And in all seriousness, let me say that I love this forum. It has saved me time, money, and frustration. I appreciate all of the sharing of information, and I hope that you'll take this message in the spirit it is created - with love and the sincere hope that it will make you smile.


----------



## sciphi (Aug 26, 2011)

Perfect for a "new/potential owners" thread. I approve! :eusa_clap:


----------



## jgaul79 (Sep 2, 2012)

I had to laugh at this only because it hit home a bit. I was ready to go fill up for the first time since buying my Cruze and there were two things I didn't know. 1) Which side of the car was the gas cap on and 2) How the **** do you open it. I made the wife read the owners manual to me on the way to the gas station. The again, I live in Jersey and can't pump my own gas. At least the attendan knew how to access it. Fortunately I pulled in on the correct side of the pump.


----------



## OnlyTaurus (Mar 20, 2012)

Well done good sir. :goodjob:


----------



## XtremeRevolution (Jan 19, 2012)

Very cool! This is what this community is all about!

Sent from my Bulletproof_Doubleshot using AutoGuide.Com Free App


----------



## Chevyderek72 (May 16, 2011)

Haha that's awesome. I think most people go through this as I did. But I learned that on the fuel gauge, next to the fuel pump picture there is an arrow. It points to the direction of which side the fuel is pumped on. Maybe on all cars? Very helpful for when I brain fart and forget which side, look down and poof it tells me.

Sent from my DROID X2 using AutoGuide App


----------



## 4piecekit (Mar 17, 2011)

I'm glad fuel door is on the passenger side. I never have to worry about opening the door and scraping the bottom on the concrete slab that some pumps sit on. 


Sent from my iPhone using Autoguide


----------



## oMAHONEYo (Mar 23, 2012)

Definitely a needed post..sadly, but true! I know for certain, I went from driving a Jeep Grand Cherokee where you just flicked it open. I know that I spent some time trying to figure it out!
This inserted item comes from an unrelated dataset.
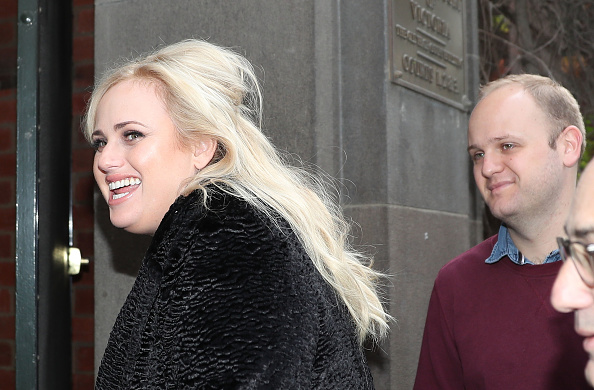 Australian actress Rebel Wilson and her brother Ryot Wilson (R) arrive at the Victorian Supreme Court on June 8, 2017 in Melbourne, Australia. Rebel Wilson is suing Bauer Media, the publisher of Woman's Day, over a series of articles she alleges portrayed her as a serial liar and cost her movie roles in Hollywood. Rebel Wilson,Woman's day draws,trial against Woman's day,Victorian Supreme Court,Ryot Wilson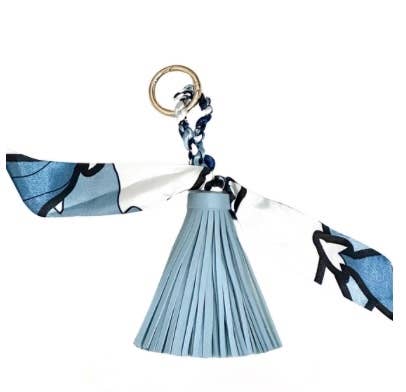 Be Clear Handbags - Amelia tassel bag charm: Tiffany blue - Image 6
Like Jgaul said.. you have to laugh because it hits home.


----------



## mcg75 (Mar 5, 2012)

jgaul79 said:


> I had to laugh at this only because it hit home a bit. I was ready to go fill up for the first time since buying my Cruze and there were two things I didn't know. 1) Which side of the car was the gas cap on and 2) How the **** do you open it. I made the wife read the owners manual to me on the way to the gas station. The again, I live in Jersey and can't pump my own gas. At least the attendan knew how to access it. Fortunately I pulled in on the correct side of the pump.


Look at your gas guage. There is a little arrow that points to what side the cap is on.


----------



## coinneach (Apr 10, 2012)

jgaul79 said:


> I had to laugh at this only because it hit home a bit. I was ready to go fill up for the first time since buying my Cruze and there were two things I didn't know. 1) Which side of the car was the gas cap on and 2) How the **** do you open it. I made the wife read the owners manual to me on the way to the gas station. The again, I live in Jersey and can't pump my own gas. At least the attendan knew how to access it. Fortunately I pulled in on the correct side of the pump.


I've always driven cars with the fuel door on the left. Five months later, I *still* pull in on that side. *facepalm*


----------



## obermd (Mar 3, 2012)

I actually rented a car one time and couldn't figure out how to open the gas cap. I was really glad I didn't need to fill the tank (I prepaid for a full tank.) This and other "easy" how-to's" are definitely useful. Although the information for some of these are in the owners' manual, they tend to be buried. Note I said "some", not all simple owner maintainence items are in the owners' manual.


----------



## Mick (Dec 31, 2011)

Hahahahaha! Read the title and thought it was a smart response to the oil check. What's funnier is that I actually called onstar to figure it out. *super facepalm!
Took me a long time to get my man card back.


----------



## Subic (May 6, 2012)

Great post.
BTDT
Rented a Cruze a couple months before I bought one. Had to return it to airport with a full tank of gas. I almost tore the interior apart trying to find a lever that said "Open Fuel Door."


----------



## steamguy14 (Jul 26, 2011)

This would have been helpful when I was standing at the gas station in July 2011 when I got my car... It was 6AM and my owners manual and phone were at home. I kept looking for a button when I just looked at it and thought, "Meh.... I'll give it a try" and pressed it. I felt so stupid. I was at the station for 2-3 minutes before I figured it out...


----------



## 4piecekit (Mar 17, 2011)

What's funny is when you have the moments of less-than-stellar performances such as standing there staring at the fuel door, you wonder who has been watching you and laughing the whole time. I've learned to just laugh at myself and shake my head. :lol:


----------



## CruzenNortheast (Feb 4, 2013)

I am so glad that I stumbled upon this while sifting through the immense amount of valuable info on this forum. I would have been stumped beyond belief since my last car had a release lever inside. I am grateful that there are people out there that are willing to list out the absolute basics to new Cruzers and new owners in general. It seems that every car has a different way to do different things these days. It makes life much easier than trying to look through the owners manual. Luckily I won't have to fill up for another 250+ miles though. MAN I love the MPG. Only used a 1/4 tank through an entire week.


----------



## 70AARCUDA (Nov 14, 2010)

Chevyderek72 said:


> Haha that's awesome. I think most people go through this as I did. But I learned that *on the fuel gauge, next to the fuel pump picture there is an arrow. It points to the direction of which side the fuel is pumped on*. Maybe on all cars? Very helpful for when I brain fart and forget which side, look down and poof it tells me.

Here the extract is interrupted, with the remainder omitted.